======== Supplied data

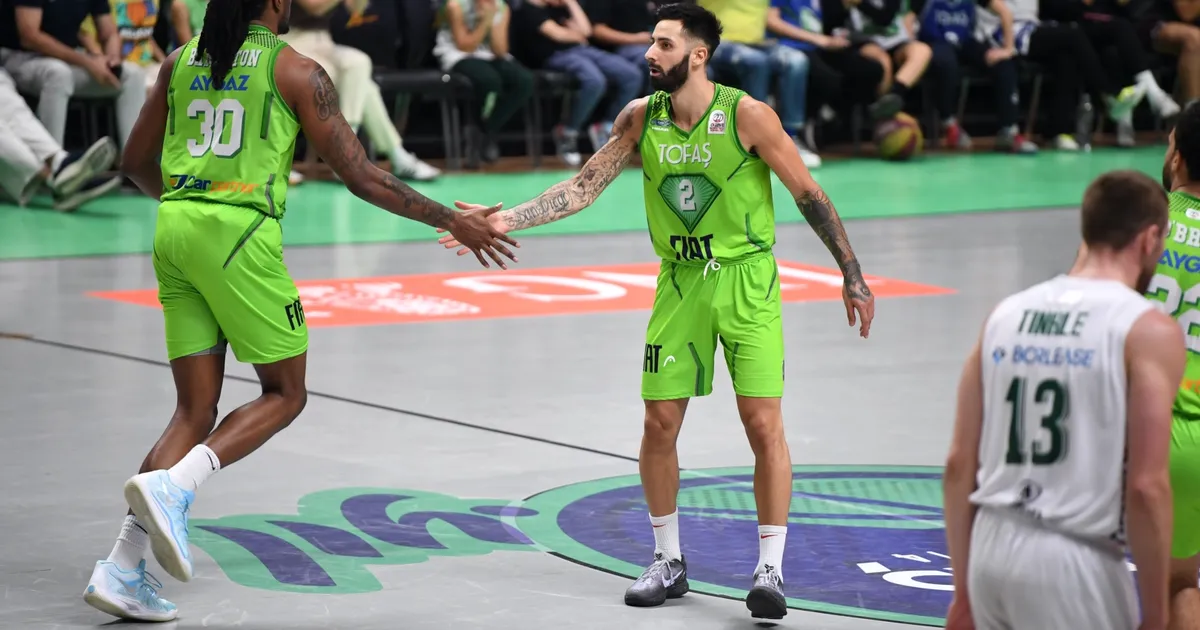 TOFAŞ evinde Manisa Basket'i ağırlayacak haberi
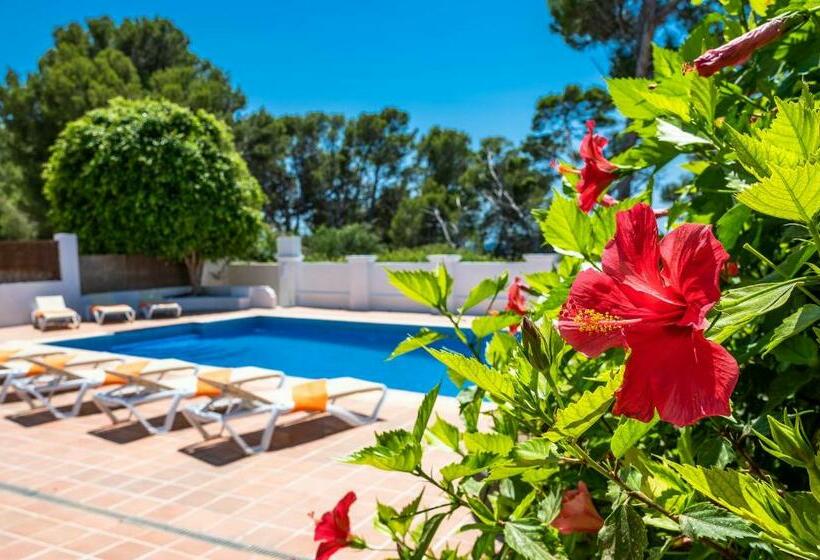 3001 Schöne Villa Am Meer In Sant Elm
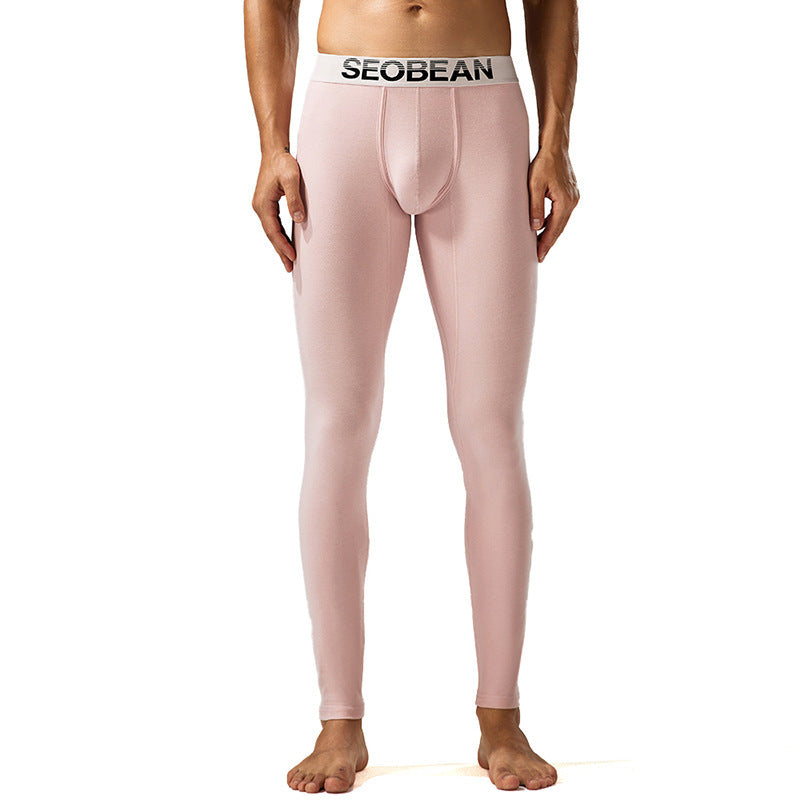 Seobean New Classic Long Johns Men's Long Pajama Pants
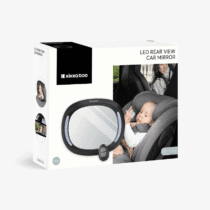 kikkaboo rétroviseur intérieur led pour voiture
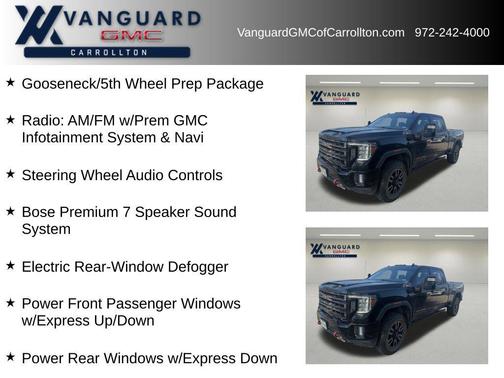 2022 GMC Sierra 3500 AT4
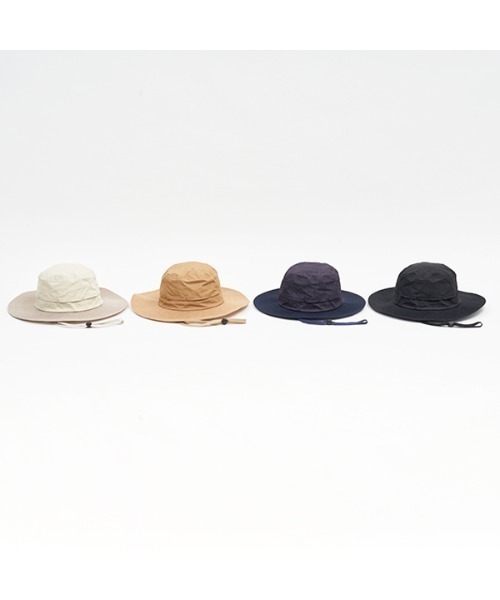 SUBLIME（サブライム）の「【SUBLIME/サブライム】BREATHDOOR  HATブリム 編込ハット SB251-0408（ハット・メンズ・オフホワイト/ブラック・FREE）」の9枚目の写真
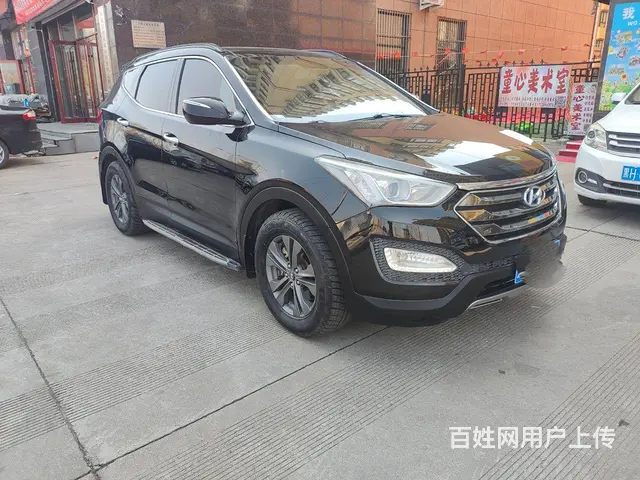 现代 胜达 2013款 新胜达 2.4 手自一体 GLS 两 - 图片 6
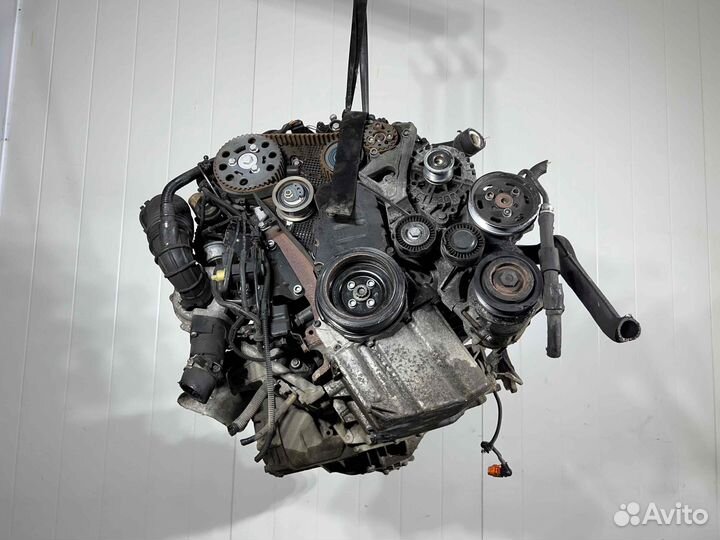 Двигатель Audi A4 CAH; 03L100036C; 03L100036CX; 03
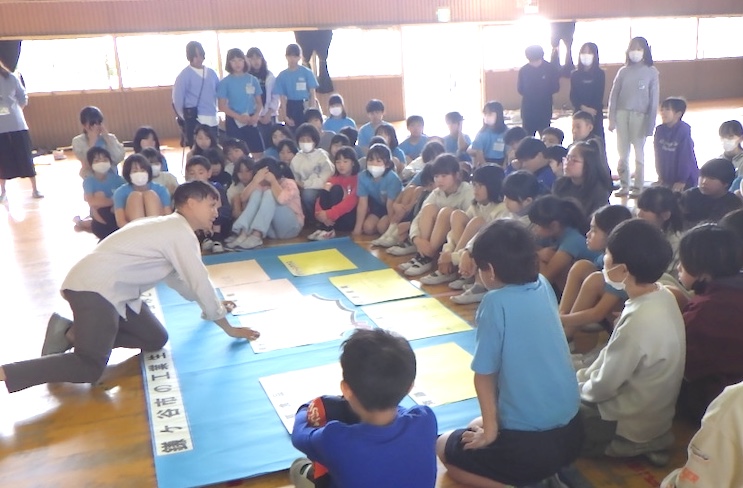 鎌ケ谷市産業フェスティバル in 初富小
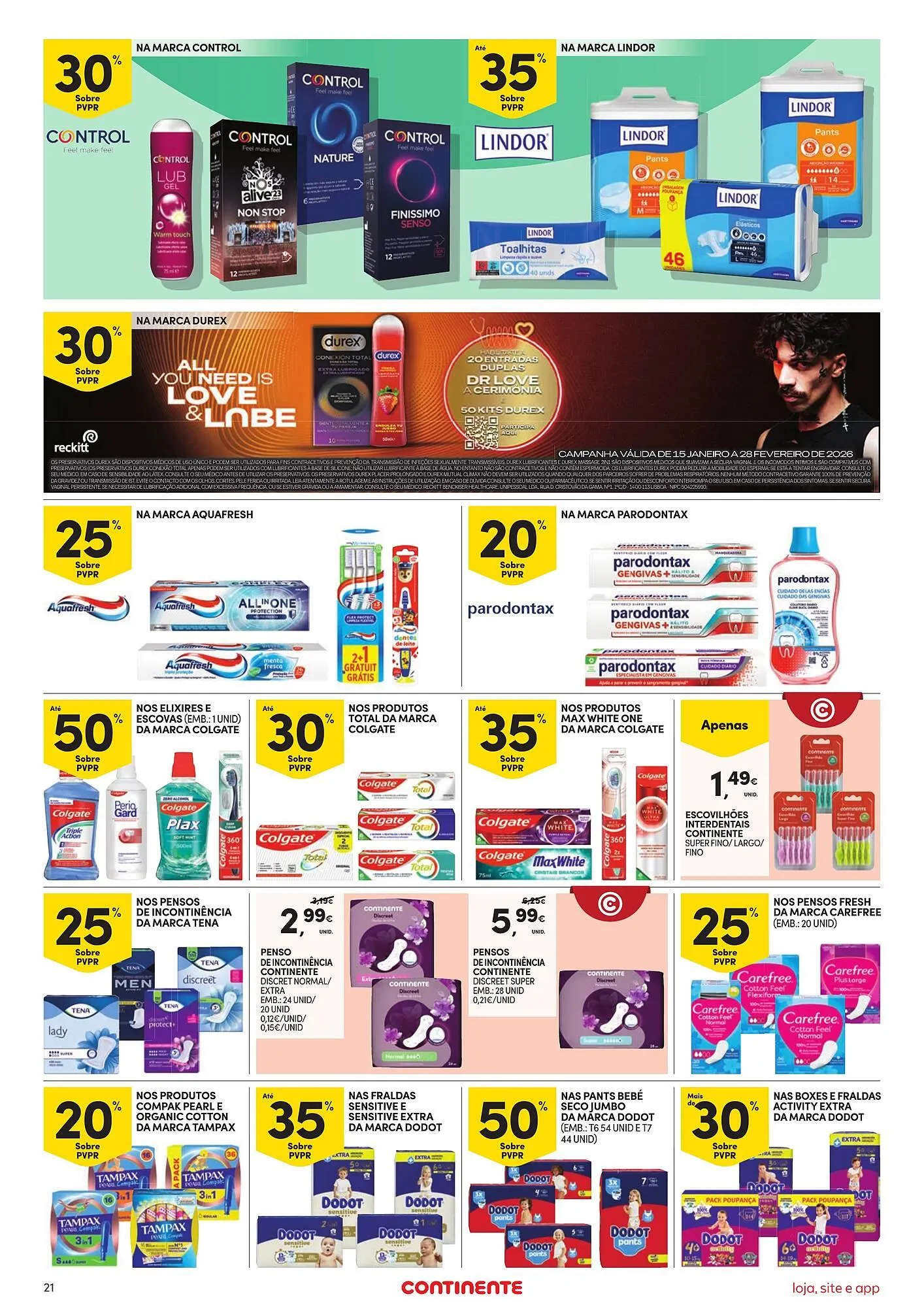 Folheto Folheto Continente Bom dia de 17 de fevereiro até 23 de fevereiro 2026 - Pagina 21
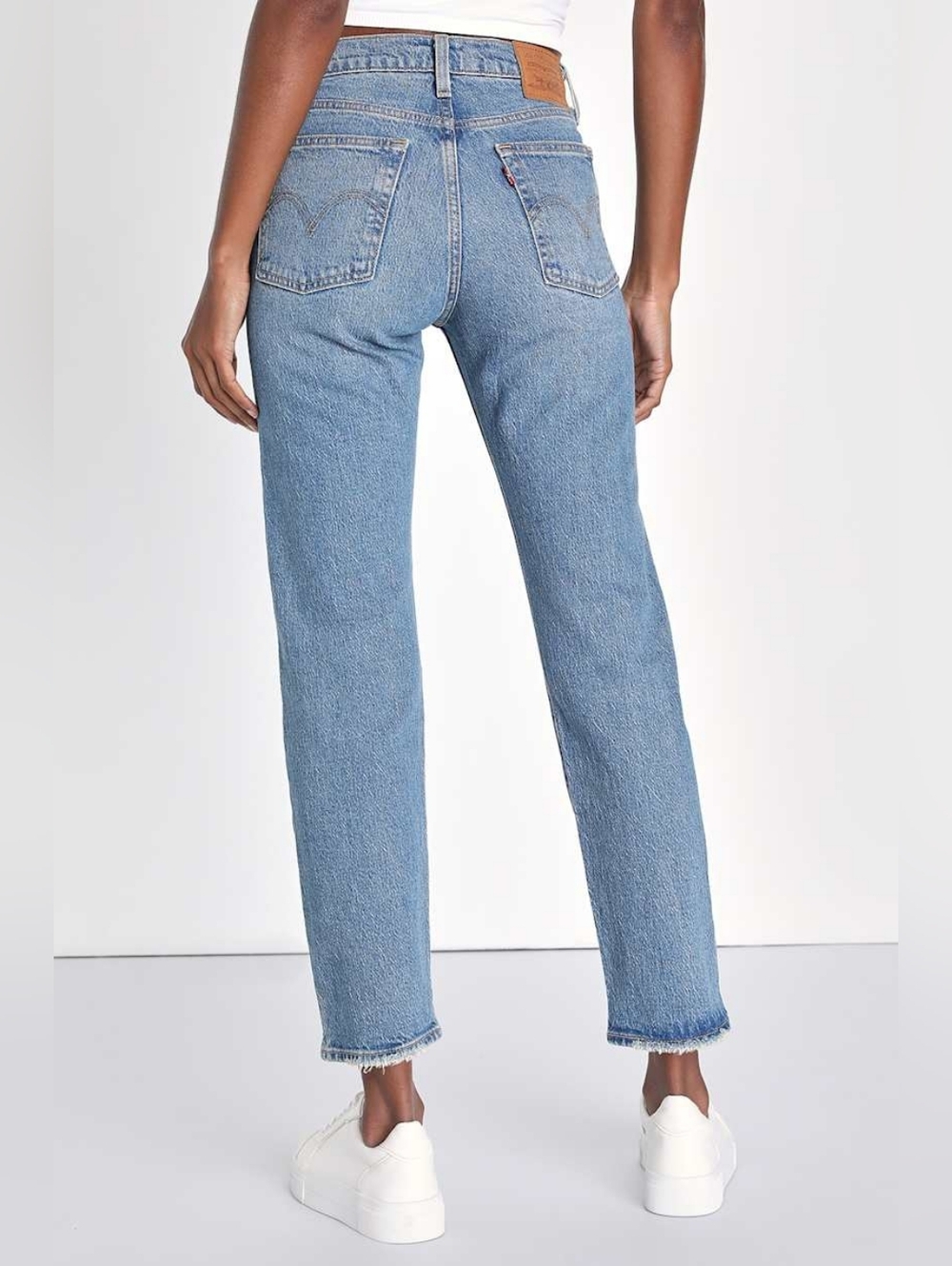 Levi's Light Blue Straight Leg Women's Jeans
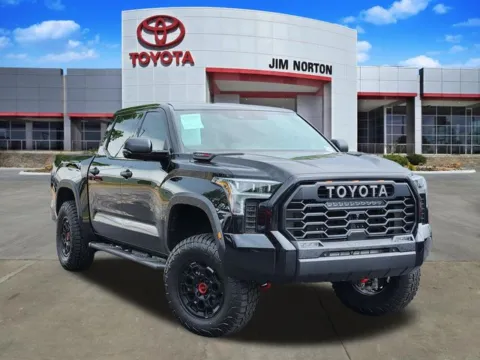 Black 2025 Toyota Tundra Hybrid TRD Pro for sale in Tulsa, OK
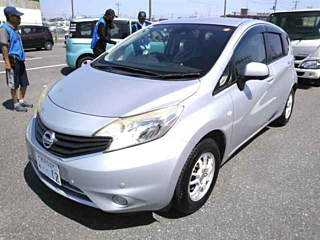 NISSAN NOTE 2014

================

In the printed copy, the material above must appear unchanged and without its pictures.

 TOFAŞ evinde Manisa Basket'i ağırlayacak haberi
 3001 Schöne Villa Am Meer In Sant Elm
 Seobean New Classic Long Johns Men's Long Pajama Pants
 kikkaboo rétroviseur intérieur led pour voiture
 2022 GMC Sierra 3500 AT4
 SUBLIME（サブライム）の「【SUBLIME/サブライム】BREATHDOOR  HATブリム 編込ハット SB251-0408（ハット・メンズ・オフホワイト/ブラック・FREE）」の9枚目の写真
 现代 胜达 2013款 新胜达 2.4 手自一体 GLS 两 - 图片 6
 Двигатель Audi A4 CAH; 03L100036C; 03L100036CX; 03
 鎌ケ谷市産業フェスティバル in 初富小
 Folheto Folheto Continente Bom dia de 17 de fevereiro até 23 de fevereiro 2026 - Pagina 21
 Levi's Light Blue Straight Leg Women's Jeans
 Black 2025 Toyota Tundra Hybrid TRD Pro for sale in Tulsa, OK
 NISSAN NOTE 2014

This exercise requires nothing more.